TASK REQUIREMENTS: Starting at the line that contains "Hi, I'm Tomer" and stopping at the line that contains "Comparing that value", restate each line of the records below exactly. Omit the pictures.

MATERIAL SHOWN:
#####
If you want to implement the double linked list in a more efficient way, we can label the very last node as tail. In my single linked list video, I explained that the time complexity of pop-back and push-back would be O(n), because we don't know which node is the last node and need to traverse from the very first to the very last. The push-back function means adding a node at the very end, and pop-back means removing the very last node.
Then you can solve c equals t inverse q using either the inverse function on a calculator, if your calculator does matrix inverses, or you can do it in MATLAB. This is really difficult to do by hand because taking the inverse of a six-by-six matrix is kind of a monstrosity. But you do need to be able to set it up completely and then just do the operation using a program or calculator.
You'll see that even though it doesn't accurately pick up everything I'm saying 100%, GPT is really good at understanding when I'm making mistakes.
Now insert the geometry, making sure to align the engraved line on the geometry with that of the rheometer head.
#####
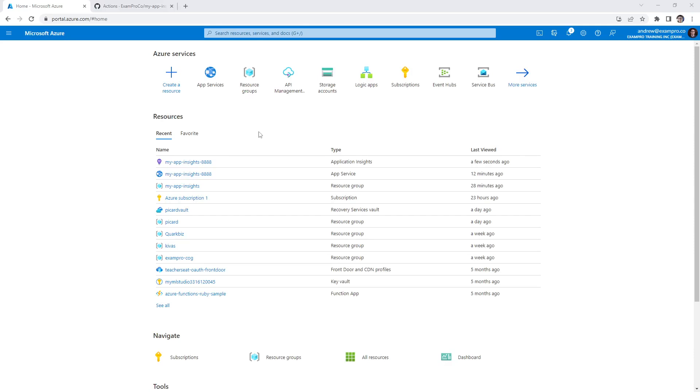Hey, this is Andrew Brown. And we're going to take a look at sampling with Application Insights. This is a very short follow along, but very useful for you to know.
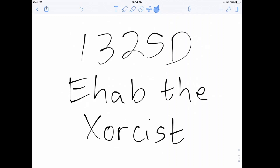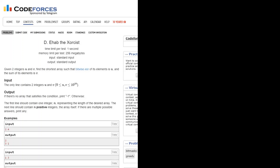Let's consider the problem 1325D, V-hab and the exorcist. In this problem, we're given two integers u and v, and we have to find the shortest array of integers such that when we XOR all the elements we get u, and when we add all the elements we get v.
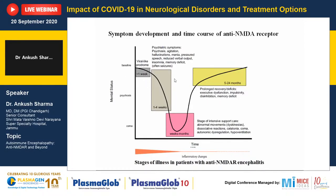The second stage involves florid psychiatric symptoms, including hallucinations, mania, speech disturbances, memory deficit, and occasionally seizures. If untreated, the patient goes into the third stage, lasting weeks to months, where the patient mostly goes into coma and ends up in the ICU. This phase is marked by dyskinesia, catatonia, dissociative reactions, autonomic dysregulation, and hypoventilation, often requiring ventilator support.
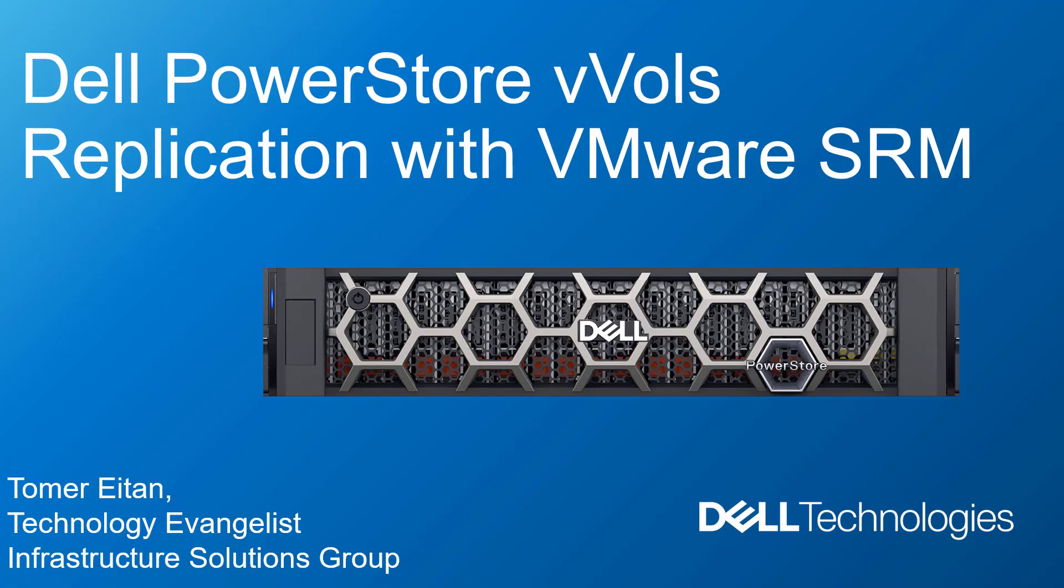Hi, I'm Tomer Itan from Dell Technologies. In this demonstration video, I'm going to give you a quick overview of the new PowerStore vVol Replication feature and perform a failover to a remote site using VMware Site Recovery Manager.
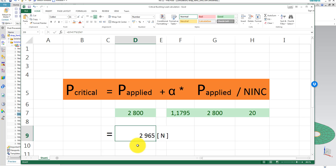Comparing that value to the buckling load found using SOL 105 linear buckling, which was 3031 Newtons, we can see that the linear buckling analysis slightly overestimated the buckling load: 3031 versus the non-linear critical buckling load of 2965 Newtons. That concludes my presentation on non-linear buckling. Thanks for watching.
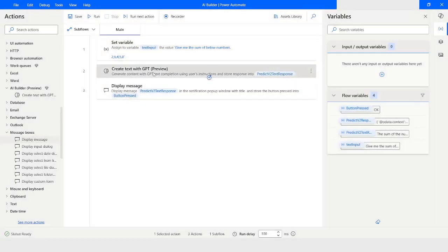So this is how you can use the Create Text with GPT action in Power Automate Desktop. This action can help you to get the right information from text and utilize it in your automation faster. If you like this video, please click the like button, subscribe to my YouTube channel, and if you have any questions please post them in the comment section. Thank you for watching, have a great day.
#####
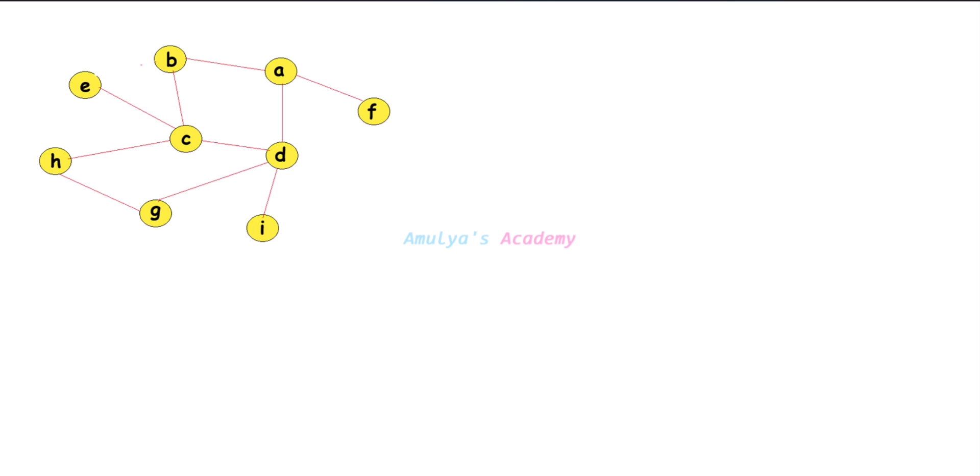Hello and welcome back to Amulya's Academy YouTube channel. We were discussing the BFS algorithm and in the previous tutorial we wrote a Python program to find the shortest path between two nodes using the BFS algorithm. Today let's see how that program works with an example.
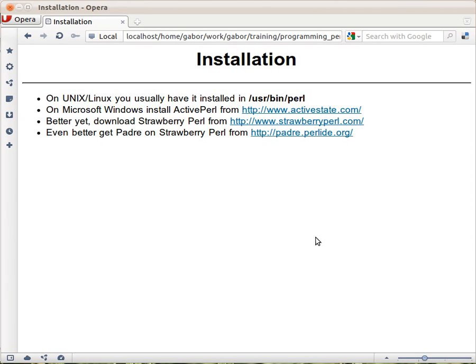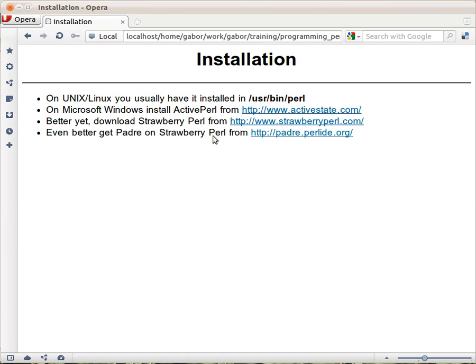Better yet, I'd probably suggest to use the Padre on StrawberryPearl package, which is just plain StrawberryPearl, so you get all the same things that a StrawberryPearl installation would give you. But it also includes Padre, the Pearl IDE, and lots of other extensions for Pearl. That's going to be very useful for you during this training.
#####
RESULT OF THE EXERCISE:
Hi, I'm Tomer Itan from Dell Technologies. In this demonstration video, I'm going to give you a quick overview of the new PowerStore vVol Replication feature and perform a failover to a remote site using VMware Site Recovery Manager.
Comparing that value to the buckling load found using SOL 105 linear buckling, which was 3031 Newtons, we can see that the linear buckling analysis slightly overestimated the buckling load: 3031 versus the non-linear critical buckling load of 2965 Newtons. That concludes my presentation on non-linear buckling. Thanks for watching.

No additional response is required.